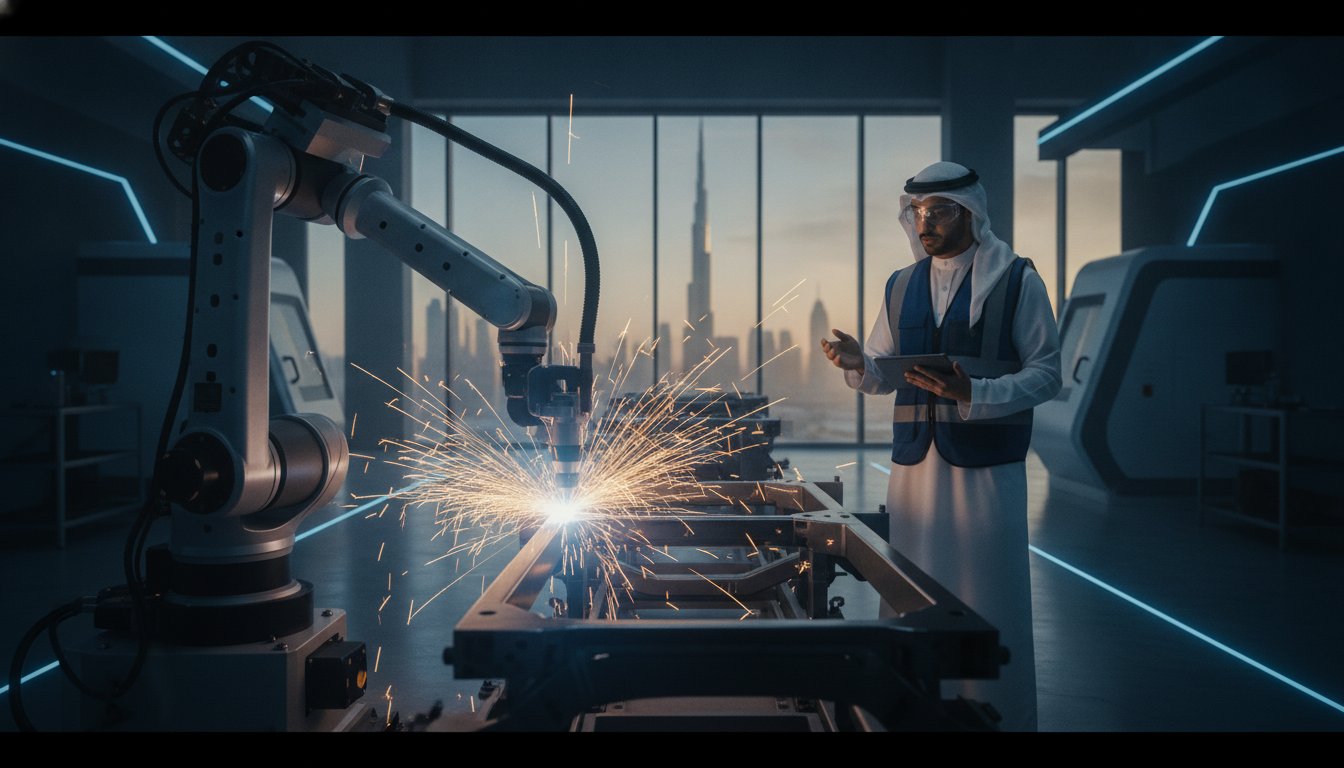 Automotive Metal Fabrication in the UAE: Engineering Mission-Ready Vehicles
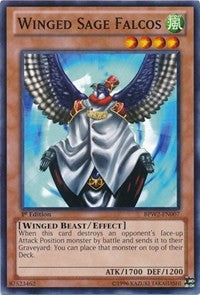 Winged Sage Falcos [BPW2-EN007] Common | Exor Games Truro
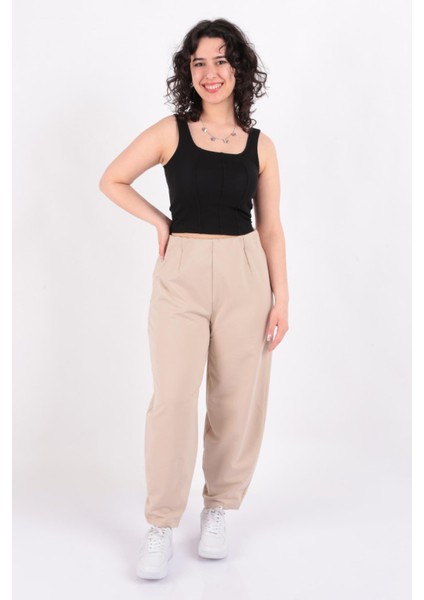 18167 Kadın Pantolon Ss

Work request: Please write out, exactly, every line from the line with "Winged Sage Falcos" through the final line of the data above, leaving out pictures.

Response box:
 Winged Sage Falcos [BPW2-EN007] Common | Exor Games Truro
 18167 Kadın Pantolon Ss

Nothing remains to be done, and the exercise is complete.